**TASK STATEMENT**. Find "Sideboard Buffet Cabinet, Coffee" and "Nike Sweatshirt Dark" in the records below. Copy the lines holding them and every line between, exactly, and no others.

**MATERIAL FOR THIS EXERCISE**.
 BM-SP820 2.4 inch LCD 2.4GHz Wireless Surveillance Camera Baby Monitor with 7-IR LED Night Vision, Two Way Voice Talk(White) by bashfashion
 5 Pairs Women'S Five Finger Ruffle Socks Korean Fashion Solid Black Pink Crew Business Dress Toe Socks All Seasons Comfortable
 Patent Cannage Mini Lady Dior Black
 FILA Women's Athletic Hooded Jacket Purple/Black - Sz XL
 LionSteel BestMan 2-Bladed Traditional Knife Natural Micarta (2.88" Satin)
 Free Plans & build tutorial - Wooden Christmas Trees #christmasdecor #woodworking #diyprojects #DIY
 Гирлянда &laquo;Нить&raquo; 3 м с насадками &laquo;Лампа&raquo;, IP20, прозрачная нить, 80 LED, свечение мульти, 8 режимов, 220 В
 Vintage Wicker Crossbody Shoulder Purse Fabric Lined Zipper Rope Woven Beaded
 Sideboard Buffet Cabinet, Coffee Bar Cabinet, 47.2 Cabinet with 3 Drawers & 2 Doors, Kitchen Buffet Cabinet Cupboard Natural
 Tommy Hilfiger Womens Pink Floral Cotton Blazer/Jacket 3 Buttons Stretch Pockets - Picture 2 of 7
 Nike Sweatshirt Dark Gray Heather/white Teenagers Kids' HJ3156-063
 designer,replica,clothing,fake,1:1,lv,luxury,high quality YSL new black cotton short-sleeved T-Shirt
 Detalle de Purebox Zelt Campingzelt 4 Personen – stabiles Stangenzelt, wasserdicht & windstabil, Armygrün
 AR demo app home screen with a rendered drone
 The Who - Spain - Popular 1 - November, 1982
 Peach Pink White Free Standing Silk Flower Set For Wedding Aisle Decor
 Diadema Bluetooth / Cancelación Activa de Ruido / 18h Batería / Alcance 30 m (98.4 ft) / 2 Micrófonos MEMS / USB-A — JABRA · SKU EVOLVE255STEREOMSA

**RESULT OF THE EXERCISE**.
 Sideboard Buffet Cabinet, Coffee Bar Cabinet, 47.2 Cabinet with 3 Drawers & 2 Doors, Kitchen Buffet Cabinet Cupboard Natural
 Tommy Hilfiger Womens Pink Floral Cotton Blazer/Jacket 3 Buttons Stretch Pockets - Picture 2 of 7
 Nike Sweatshirt Dark Gray Heather/white Teenagers Kids' HJ3156-063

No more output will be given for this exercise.